第196回通常国会を終えて

 1月22日に召集された第196回通常国会が、32日間の延長を含む182日間の会期を終え、7月22日に閉会しました。
 私が無所属議員として参加していた参議院会派が、5月の新党結成に伴い、「国民民主党・新緑風会」として再出発。
 私は新会派の国会対策委員長を拝命し、終盤国会での重要法案を巡る対応について、裏方として、与野党協議の役割を担うことになりました。
 与党が会期延長を強行した理由は、国民の反対が根強く、筋違いの二つの法案―働き方改革関連法案、カジノを含むIR実施法案―をどうしても通したかった、これだけです。
 働き方改革法案では、根拠となるデータの誤りが多数発覚、必要性を裏付けるヒアリングも後付けだった事実が明らかになるなど、長時間労働拡大の懸念が広がるばかり。このことから断固反対しました。
 IR法案については、その中心はカジノであり、刑法で禁じられている「賭博」であることや、ギャンブル依存症の拡大、治安悪化の問題、事業者が貸し金業務までできる点など、地域経済のためではなく、事業者のための仕組みに過ぎないことなどから、こちらも最後まで反対を貫きました。

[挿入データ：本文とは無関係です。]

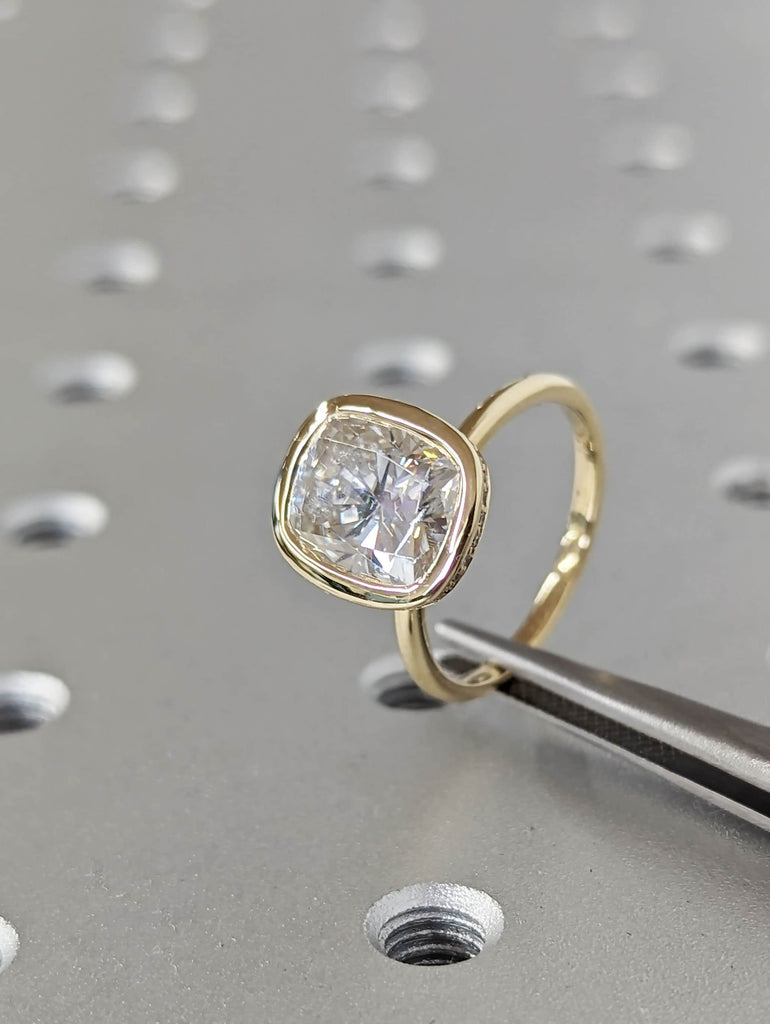 3ct Cushion Cut Lab Grown Diamond Solitaire 14K Yellow Gold Diamond Halo Engagement Ring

 どちらの法案も、与党が圧倒的多数の議席を占め、野党が束になっても修正や廃案に追い込むことが難しい中、私たちができる最大の歯止めの手段は「附帯決議」を付けること。
 働き方改革法では47項目、カジノ法では31項目もの「附帯決議」を政府・与党に飲ませ、乱暴な解釈・運用ができないよう、縛りをかけることができました。
「対決より解決」の政治。決して与党への妥協ではなく、一つでも多くの「実」をとることが大事です。
 今後とも、単なるパフォーマンスではない、まじめな政治を目指して、参議院野党第一会派の国対委員長として、引き続き、精一杯取り組んで参ります。